Лидия Чуковская - Записки об Анне Ахматовой. 1938-1941
Я не сомневалась, что опять получу выговор. И вдруг она говорит:
– Прости меня, Горенко, я всегда была к тебе несправедлива.
Скоро Зоечка ушла; Анна Андреевна, вскочив со стула, рассказала о Коле. Она была ужасно возбуждена[38].
Я начала ей рассказывать о нашей детгизовской эпопее, о провокациях Мишкевича, о его штуках с моим Маяковским.
Она замахала на меня рукой:
– Не надо, не надо, не терзайте меня21.
Потом предложила почитать мне стихи. Прочитала «И упало каменное слово» и «Годовщину веселую празднуй»[39]. Спросила: какое мне больше нравится?
Я не была в состоянии ответить на этот вопрос: я была слишком счастлива. Что я дожила до этого. Что я это слышу. И слишком несчастна.
Не добившись от меня никакого толку, Анна Андреевна сказала:
– Про свои старые я знаю все сама, словно они чужие, а про новые никогда ничего, пока и они не станут старыми.

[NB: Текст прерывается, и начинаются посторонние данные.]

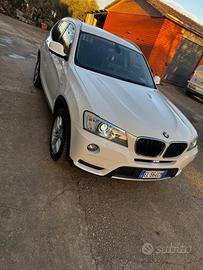 Bmw x3 (f25) - 2012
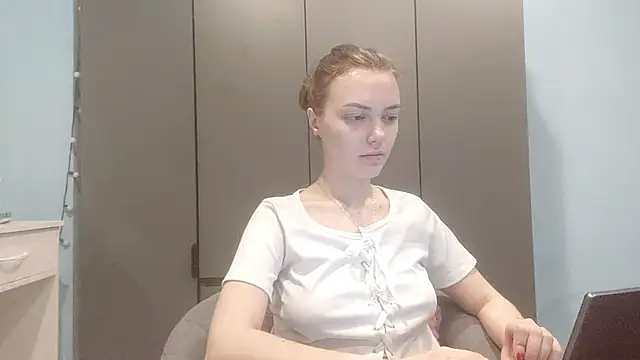 AndreeMerryman online show from February 9, 1:31 am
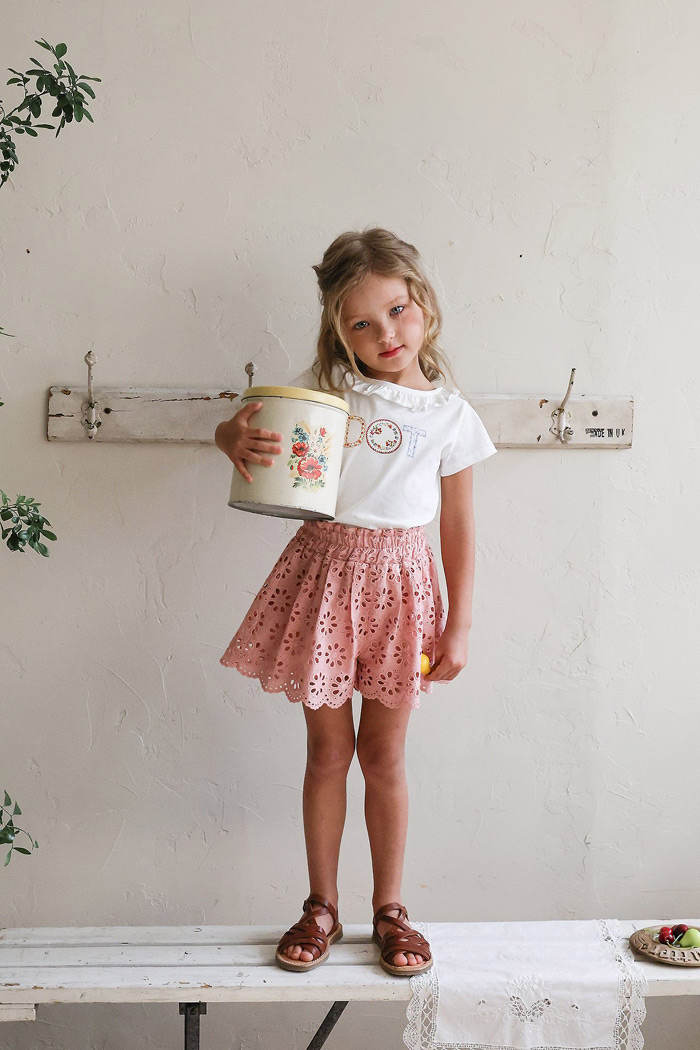 🇰🇷Puella_Flo tee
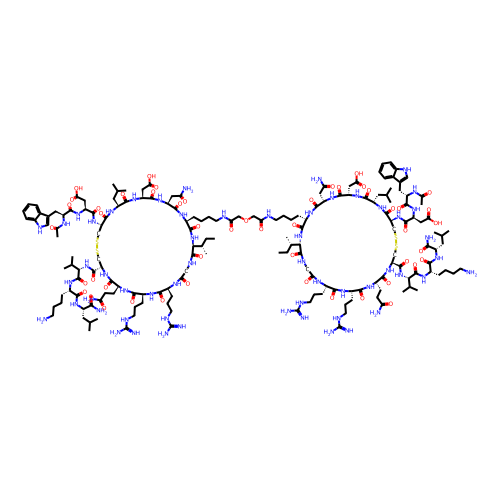 Chemical structure of BindingDB Monomer ID 50667372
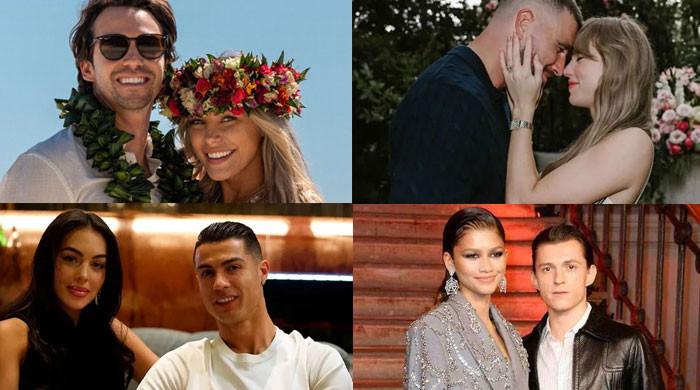 Celebrity engagements 2025: Complete list of famous couples engaged this year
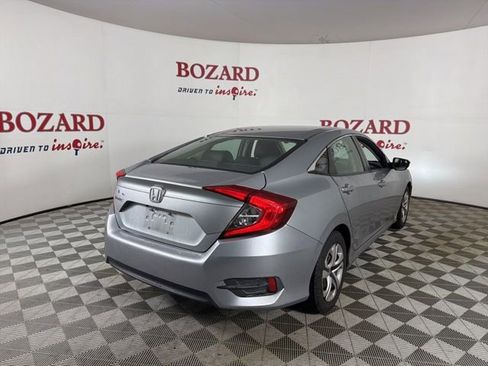 Used 2018 Honda Civic LX image 8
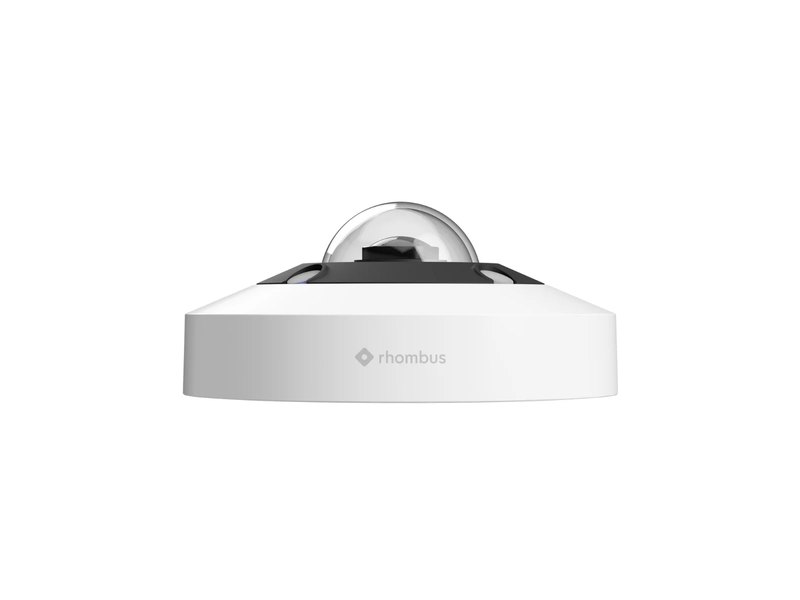 Rhombus cloud-managed security camera installation by Michigan Security Systems across Michigan, Ohio and Indiana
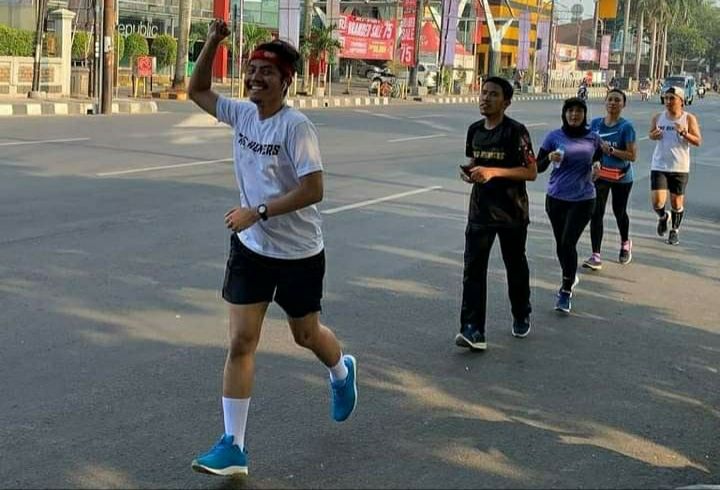 Pasukan Lari Tangerang Runners. Foto 2019 Sumber: TNGRunners.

Потом все было, как повелось: я иду ее провожать, на улице пьяные, при переходе она вцепляется мне в рукав и боится сделать шаг, Занимательный вход и кромешная тьма на лестнице.
– Ем я теперь только тогда, когда меня кормит Ольга Николаевна, – сказала Анна Андреевна. – Она как-то меня заставляет.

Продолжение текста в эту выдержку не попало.